Texte  traduit du japonais par Alain Gouvret, Yasuko Kudaka et Gérard Pfister – BILINGUE 

« Takuboku meurt à vinqt-sept ans, ayant, du fond même de la nature humaine, jeté vers le ciel trop haut et la terre trop sourde la plainte la plus désespérée de toute la poésie japonaise. » Ainsi Georges Bonneau présentait-il en 1938 la poésie et la destinée d’Ishikawa Takuboku, plus étranges et plus dérangeantes encore dans le paysage culturel japonais que peuvent l’être, pour notre littérature, celles d’un Rimbaud.

Ceux que l’on oublie difficilement, l’un de ses textes les plus émouvants, constitue la quatrième partie du volume Ichiaku no suna (Une poignée de sable) dont sont également extraits les textes de Fumées parus en avril dernier.

Ceux que l’on oublie difficilement. Cette femme : « Si l’on disait : « n’as-tu jamais voulu mourir » / « regarde cela » / elle montrait une cicatrice à la gorge ». Ou bien cette autre : «Les années se sont amassées / depuis notre séparation / combien tu m’es devenue chère ». Ou encore cette voix : « Une fois encore si j’entendais dette voix / totalement alors / ma poitrine s’allégerait ».

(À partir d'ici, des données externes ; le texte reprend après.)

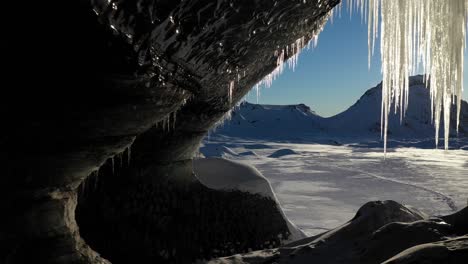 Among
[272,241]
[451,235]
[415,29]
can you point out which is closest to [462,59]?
[415,29]

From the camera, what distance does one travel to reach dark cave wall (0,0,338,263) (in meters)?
1.48

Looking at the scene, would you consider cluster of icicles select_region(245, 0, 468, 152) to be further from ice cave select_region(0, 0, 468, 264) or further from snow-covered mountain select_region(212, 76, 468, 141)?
snow-covered mountain select_region(212, 76, 468, 141)

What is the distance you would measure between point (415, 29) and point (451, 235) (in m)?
A: 1.80

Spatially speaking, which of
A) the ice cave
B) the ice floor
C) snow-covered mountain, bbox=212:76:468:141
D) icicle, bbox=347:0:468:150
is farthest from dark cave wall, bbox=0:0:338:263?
snow-covered mountain, bbox=212:76:468:141

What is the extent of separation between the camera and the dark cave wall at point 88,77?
148 centimetres

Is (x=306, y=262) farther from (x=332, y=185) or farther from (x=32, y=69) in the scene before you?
(x=332, y=185)

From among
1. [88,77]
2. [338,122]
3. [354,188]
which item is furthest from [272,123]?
[88,77]

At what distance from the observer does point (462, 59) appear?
3164mm

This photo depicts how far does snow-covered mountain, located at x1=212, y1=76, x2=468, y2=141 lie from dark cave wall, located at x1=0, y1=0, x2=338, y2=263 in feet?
111

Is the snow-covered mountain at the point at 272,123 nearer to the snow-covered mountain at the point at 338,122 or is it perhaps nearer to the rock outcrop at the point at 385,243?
the snow-covered mountain at the point at 338,122

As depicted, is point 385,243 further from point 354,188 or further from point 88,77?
point 354,188

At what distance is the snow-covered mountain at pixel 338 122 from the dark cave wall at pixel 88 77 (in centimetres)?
3385

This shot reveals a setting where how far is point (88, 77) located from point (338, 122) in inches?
1901

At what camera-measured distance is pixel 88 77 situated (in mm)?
1672
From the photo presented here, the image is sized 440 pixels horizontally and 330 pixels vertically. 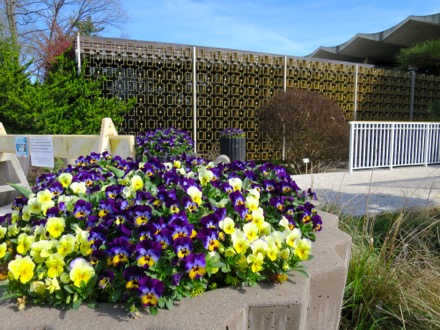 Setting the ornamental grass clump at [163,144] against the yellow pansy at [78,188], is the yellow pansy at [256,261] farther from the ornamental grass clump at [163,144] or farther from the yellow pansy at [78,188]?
the ornamental grass clump at [163,144]

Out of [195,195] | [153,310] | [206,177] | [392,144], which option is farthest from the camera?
[392,144]

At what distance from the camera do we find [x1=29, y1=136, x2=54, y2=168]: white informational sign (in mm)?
2908

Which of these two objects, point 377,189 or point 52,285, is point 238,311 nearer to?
point 52,285

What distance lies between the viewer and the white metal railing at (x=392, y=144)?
817cm

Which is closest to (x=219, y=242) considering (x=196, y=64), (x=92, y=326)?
(x=92, y=326)

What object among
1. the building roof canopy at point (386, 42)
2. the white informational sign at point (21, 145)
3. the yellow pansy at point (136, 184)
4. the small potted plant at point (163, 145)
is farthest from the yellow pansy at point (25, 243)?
the building roof canopy at point (386, 42)

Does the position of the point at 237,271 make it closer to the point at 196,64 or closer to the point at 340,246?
the point at 340,246

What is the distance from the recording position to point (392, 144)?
865 cm

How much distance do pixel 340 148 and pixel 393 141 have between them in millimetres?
1312

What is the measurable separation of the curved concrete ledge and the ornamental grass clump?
3.57m

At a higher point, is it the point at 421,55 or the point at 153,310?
the point at 421,55

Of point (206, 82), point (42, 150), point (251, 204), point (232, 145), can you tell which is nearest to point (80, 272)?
point (251, 204)

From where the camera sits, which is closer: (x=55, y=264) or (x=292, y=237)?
(x=55, y=264)

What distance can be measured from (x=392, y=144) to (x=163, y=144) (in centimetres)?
606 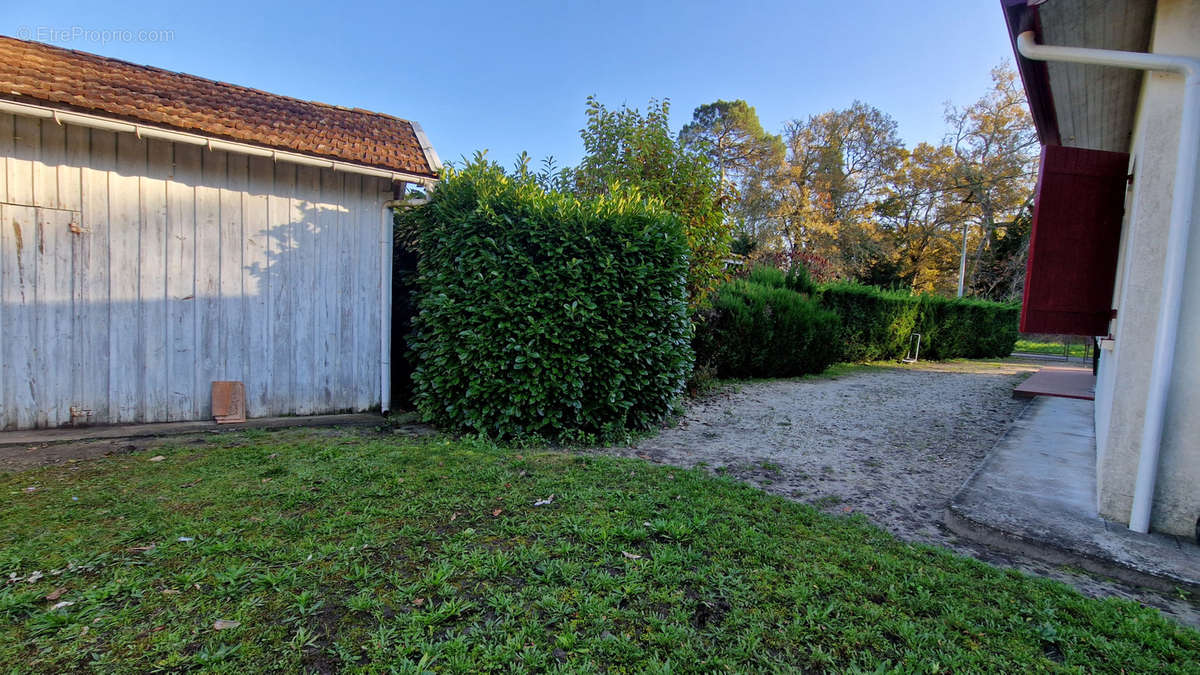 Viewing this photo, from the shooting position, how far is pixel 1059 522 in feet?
9.49

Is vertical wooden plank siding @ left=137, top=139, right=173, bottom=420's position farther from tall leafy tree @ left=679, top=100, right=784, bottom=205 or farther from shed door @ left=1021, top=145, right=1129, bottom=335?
tall leafy tree @ left=679, top=100, right=784, bottom=205

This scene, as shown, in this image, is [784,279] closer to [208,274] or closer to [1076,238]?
[1076,238]

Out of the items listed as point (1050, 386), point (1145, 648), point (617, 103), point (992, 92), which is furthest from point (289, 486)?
point (992, 92)

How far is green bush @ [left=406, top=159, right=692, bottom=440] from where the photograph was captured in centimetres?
476

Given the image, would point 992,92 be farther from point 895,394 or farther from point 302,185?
point 302,185

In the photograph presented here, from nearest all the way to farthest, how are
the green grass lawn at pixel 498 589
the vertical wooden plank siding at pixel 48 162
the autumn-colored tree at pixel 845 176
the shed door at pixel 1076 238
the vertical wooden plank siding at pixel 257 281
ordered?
the green grass lawn at pixel 498 589
the shed door at pixel 1076 238
the vertical wooden plank siding at pixel 48 162
the vertical wooden plank siding at pixel 257 281
the autumn-colored tree at pixel 845 176

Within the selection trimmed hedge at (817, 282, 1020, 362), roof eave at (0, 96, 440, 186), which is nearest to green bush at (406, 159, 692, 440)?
roof eave at (0, 96, 440, 186)

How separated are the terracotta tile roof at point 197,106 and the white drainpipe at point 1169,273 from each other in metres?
5.87

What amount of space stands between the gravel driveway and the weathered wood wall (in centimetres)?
350

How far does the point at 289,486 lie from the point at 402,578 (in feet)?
5.25

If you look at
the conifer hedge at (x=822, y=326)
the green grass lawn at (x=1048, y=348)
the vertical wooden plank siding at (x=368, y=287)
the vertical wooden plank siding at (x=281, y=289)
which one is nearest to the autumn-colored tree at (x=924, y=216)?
the green grass lawn at (x=1048, y=348)

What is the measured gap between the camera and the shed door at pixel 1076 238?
12.5ft

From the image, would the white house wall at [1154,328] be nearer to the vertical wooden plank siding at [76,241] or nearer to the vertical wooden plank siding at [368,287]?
the vertical wooden plank siding at [368,287]

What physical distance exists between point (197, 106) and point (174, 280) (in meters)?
1.77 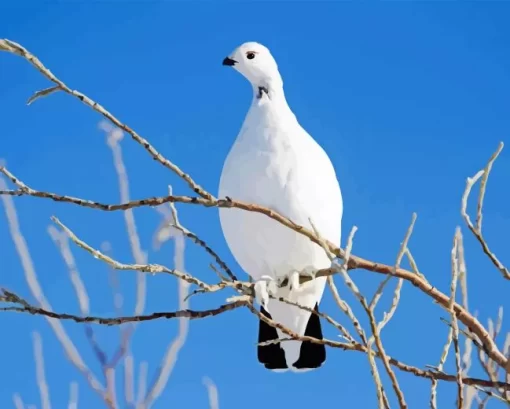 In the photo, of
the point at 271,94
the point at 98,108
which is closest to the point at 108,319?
the point at 98,108

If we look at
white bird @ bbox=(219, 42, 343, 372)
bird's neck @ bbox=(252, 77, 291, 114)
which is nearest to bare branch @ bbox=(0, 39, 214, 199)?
white bird @ bbox=(219, 42, 343, 372)

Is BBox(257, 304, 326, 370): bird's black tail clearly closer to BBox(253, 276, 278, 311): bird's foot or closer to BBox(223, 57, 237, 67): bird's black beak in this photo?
BBox(253, 276, 278, 311): bird's foot

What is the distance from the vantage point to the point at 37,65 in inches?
57.1

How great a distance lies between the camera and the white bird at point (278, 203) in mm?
2180

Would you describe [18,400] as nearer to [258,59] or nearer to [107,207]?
[258,59]

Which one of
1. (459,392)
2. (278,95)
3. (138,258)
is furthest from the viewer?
(138,258)

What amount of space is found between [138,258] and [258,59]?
1.27 metres

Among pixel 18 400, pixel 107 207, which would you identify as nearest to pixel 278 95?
pixel 107 207

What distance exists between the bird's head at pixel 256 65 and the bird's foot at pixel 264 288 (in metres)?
0.55

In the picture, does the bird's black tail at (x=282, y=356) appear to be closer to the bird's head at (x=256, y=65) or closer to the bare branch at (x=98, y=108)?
the bird's head at (x=256, y=65)

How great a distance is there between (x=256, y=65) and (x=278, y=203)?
0.50 metres

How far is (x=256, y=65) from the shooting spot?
246cm

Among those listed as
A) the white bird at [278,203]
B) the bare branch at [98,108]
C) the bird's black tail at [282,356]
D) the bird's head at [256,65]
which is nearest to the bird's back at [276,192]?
the white bird at [278,203]

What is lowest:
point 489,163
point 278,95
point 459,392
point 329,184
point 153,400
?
point 459,392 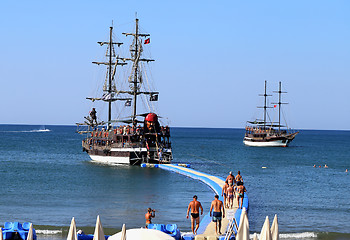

Ce volume constitue la première traduction française d’un des auteurs les plus bouleversants de la poésie japonaise. Un de ceux, oui, qu’on oublie difficilement. Que le peuple japonais, aujourd’hui encore, aime d’une affection toute particulière. Comme un enfant malheureux.

La poésie de Takuboku est on ne peut plus simple. D’une nudité qui risque toujours de basculer dans la banalité, la platitude. Des visages, des regards, des silhouettes entraperçus. Tout un monde flottant, dérivant, à l’extrême bord du désespoir, juste au bord.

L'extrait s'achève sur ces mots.